Given data »
= Beginning of Section =

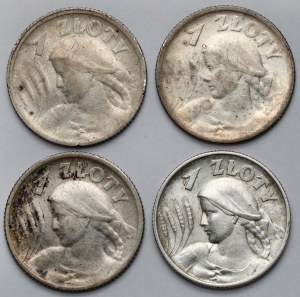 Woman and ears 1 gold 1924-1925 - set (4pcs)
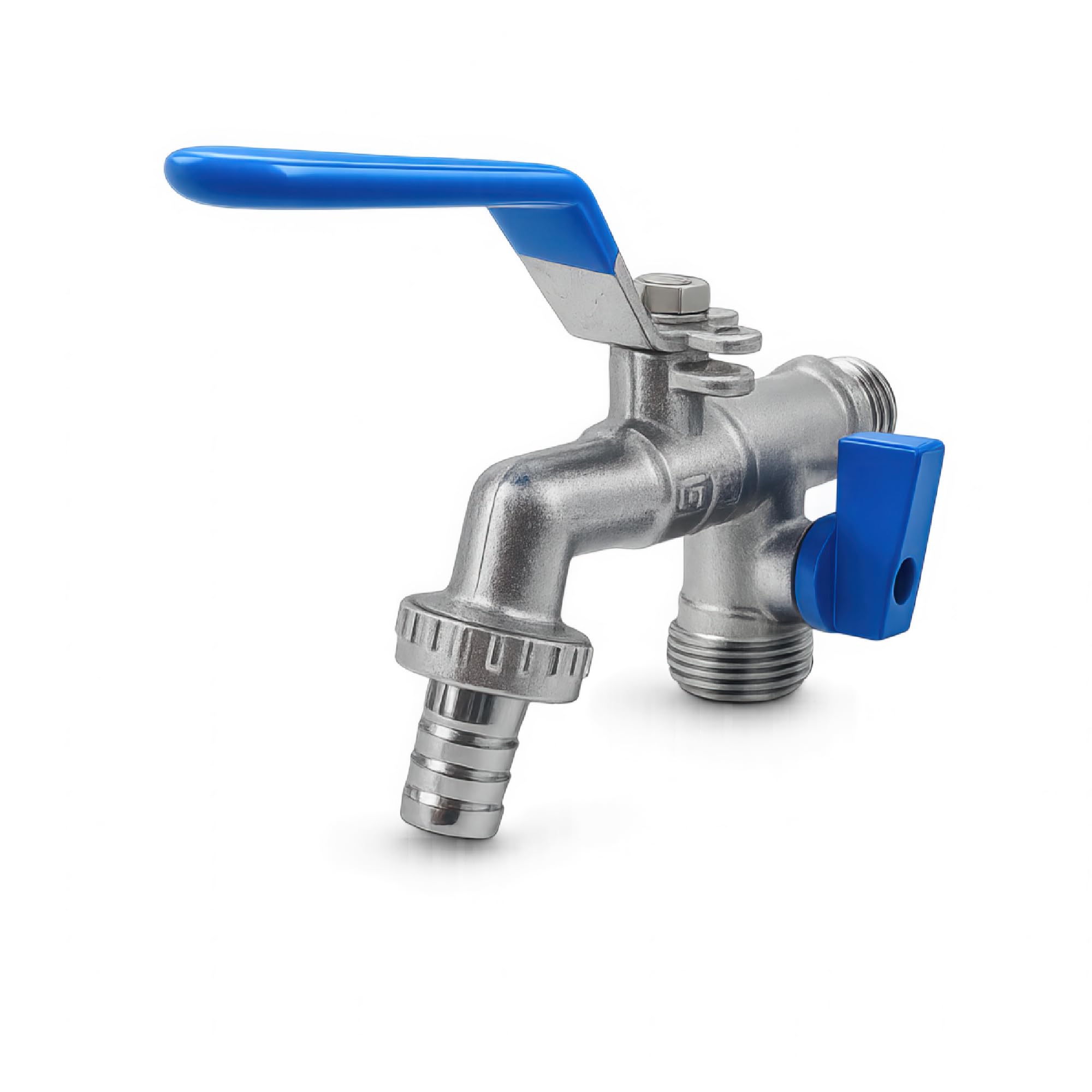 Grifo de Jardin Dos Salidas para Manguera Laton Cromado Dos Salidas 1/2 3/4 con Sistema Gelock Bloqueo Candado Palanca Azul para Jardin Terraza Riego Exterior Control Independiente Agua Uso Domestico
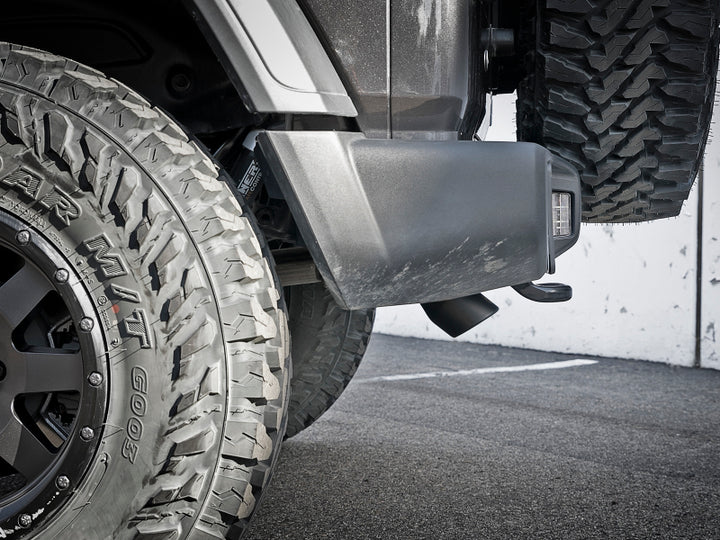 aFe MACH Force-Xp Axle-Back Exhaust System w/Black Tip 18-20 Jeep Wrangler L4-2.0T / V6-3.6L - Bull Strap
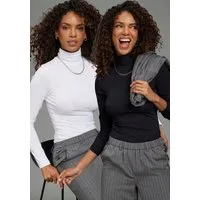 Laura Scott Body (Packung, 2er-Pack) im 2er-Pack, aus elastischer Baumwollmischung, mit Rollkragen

= End of Section =

Prompt » Your reply should consist solely of the lines from the line containing "Grifo de Jardin" through the last line of the listing, unchanged and free of pictures.

Response box »
 Grifo de Jardin Dos Salidas para Manguera Laton Cromado Dos Salidas 1/2 3/4 con Sistema Gelock Bloqueo Candado Palanca Azul para Jardin Terraza Riego Exterior Control Independiente Agua Uso Domestico
 aFe MACH Force-Xp Axle-Back Exhaust System w/Black Tip 18-20 Jeep Wrangler L4-2.0T / V6-3.6L - Bull Strap
 Laura Scott Body (Packung, 2er-Pack) im 2er-Pack, aus elastischer Baumwollmischung, mit Rollkragen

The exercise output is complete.